I’m approaching a stage in my life where the annual trip to my doctor for a healthcheck is seen as a good investment. Being self-employed with a family, a major illness could be catastrophic as my personal business plan does not include time off for lengthy convalescence. A healthcheck not only looks at my physical condition on the day – it notes actions required to keep me that way: diet, fitness, etc. Potential areas of concern are identified for me to address before they become problematic.

Survival of the fittest

Trustees should ensure their own organisations are similarly ‘health-checked’ annually. They must be satisfied it remains in fine fettle, capable of fulfilling future aims and aspirations. These days, their future funding may depend on it. The case for an annual healthcheck is reflected in more funders needing to be convinced of your ‘organisational capacity’ before they will support your otherwise convincing request for funding. In these days of intensified competition, it is not enough to have a great programme or cause that matches their criteria. You must also be healthy enough to deliver the plan. It’s a responsibility of trustees to ensure that this is the case.

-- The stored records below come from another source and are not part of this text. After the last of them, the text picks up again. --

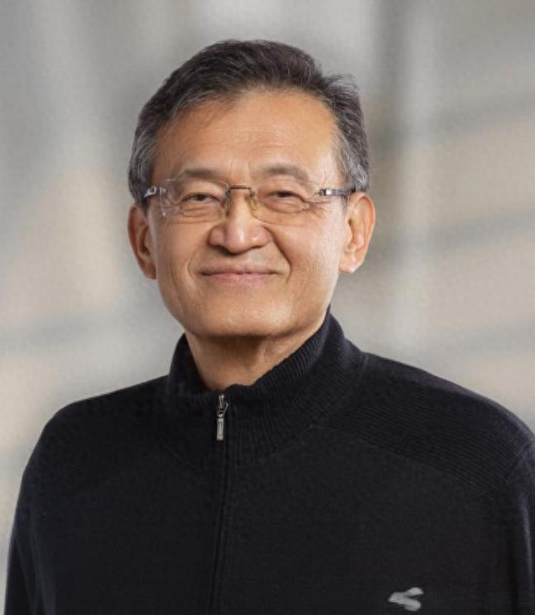 特朗普疯狂打压华人精英，勒令华人CEO辞职，因为他发现，全球几大半导体巨头的掌舵者，全是东方面孔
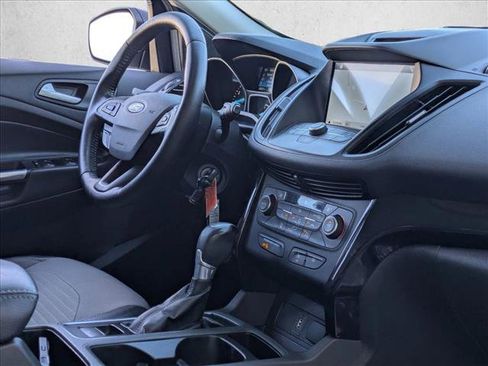 Used 2017 Ford Escape SE w/ Equipment Group 201A image 22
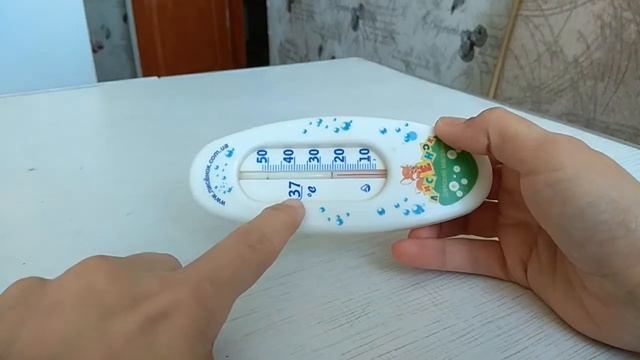 Предменты личной гигиены ребенка. Первая зубная паста и щетка. Игрушки для ванной. смотреть онлайн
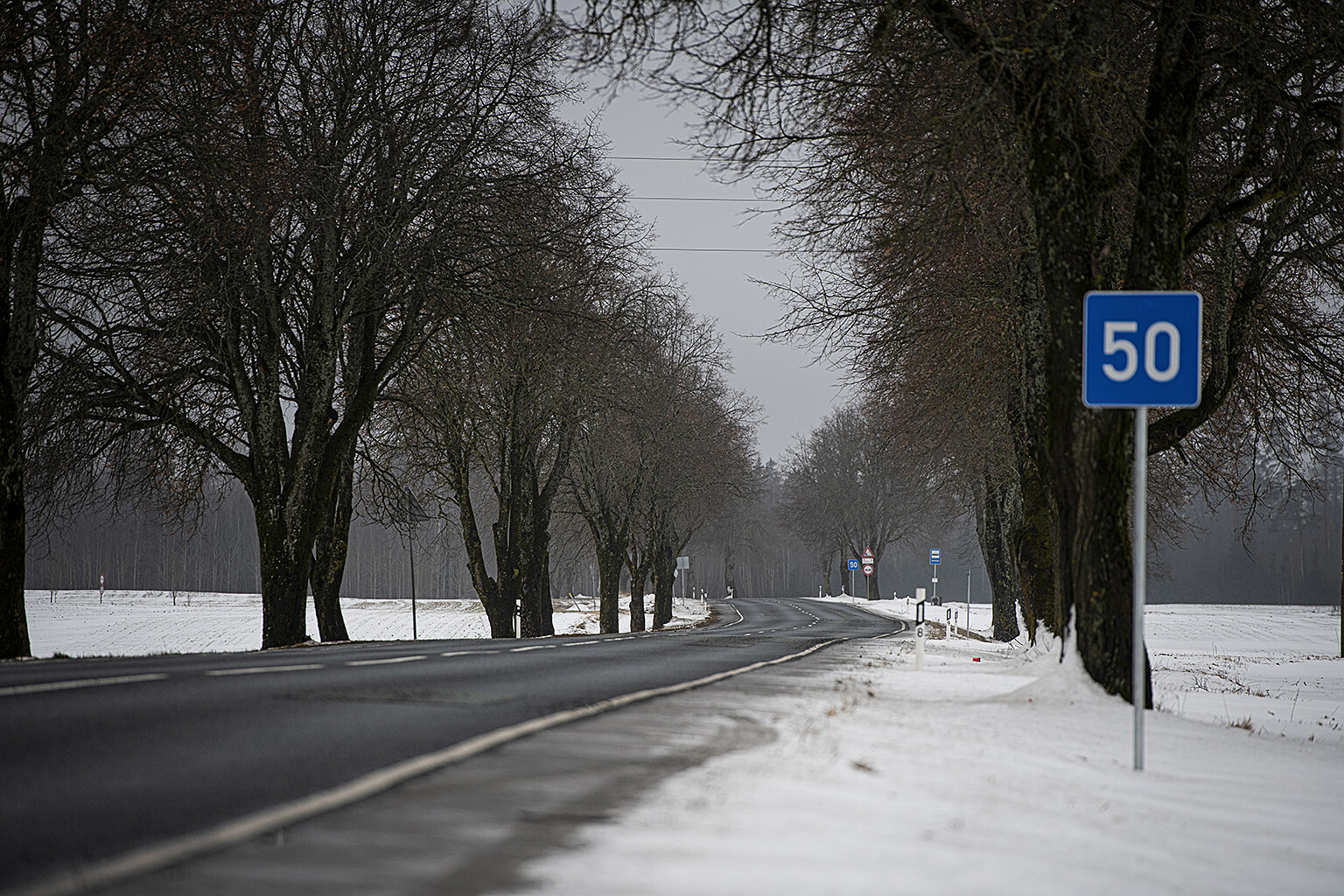 Liepājas un Saldus pusē lielie ceļi apledojuši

How to check your fitness…

A healthcheck identifies critical factors that will help:
• Find effective practices to enable more investment in artistic endeavours and less on administration
• Establish healthy management–trustee relationships through a shared understanding of management practices, purposes and responsibilities
• Offer stakeholders reassurance about your ability to prepare and deliver plans on budget
• Identify and address risks
• Ensure your aims and activities support a funder’s expectations
• Ensure that you have the capacity to deliver change and development.

A healthcheck comprises many components. Depending on the nature of your organisation and its future aims and/or operations, some may have greater relevance than others. However, the ‘check’ should produce tangible evidence. It should produce information that breathes confidence into your funder’s mind as they consider the merits of your application. It will produce evidence demonstrating that an investment in you will deliver maximum benefits to both parties (after all, no one will ever give you money simply because you need it).

Funders don’t want to fund an organisation that might waste its money. They want to be sure that your affairs are conducted in a robust and effective manner that minimises the occurrence of problems often excused as ‘unforeseen circumstances’. As a trustee of a major grant-giving foundation once said to me, “There are very few unforeseeable circumstances. Most could have been foreseen if people had half a mind to look properly.” Ultimately, it is the board’s role to ensure that someone is looking.

Diligence

So what does a diligence test comprise? In a nutshell, it’s an assessment of standard policies, systems, procedures, checks and responsibilities. At the Complete Works we have developed a checklist of around 75 ‘easy-answer’ diligence questions to which trustees – and management teams – should know the answer (or safely be able to say are not relevant). This provides a clear snapshot of the organisation’s operational health. For example, do trustees know how often their organisation consults with its stakeholders or beneficiaries? And how is this information subsequently reported and used to strengthen that relationship? Or, at a simpler level, are trustees satisfied that appropriate financial controls are in place?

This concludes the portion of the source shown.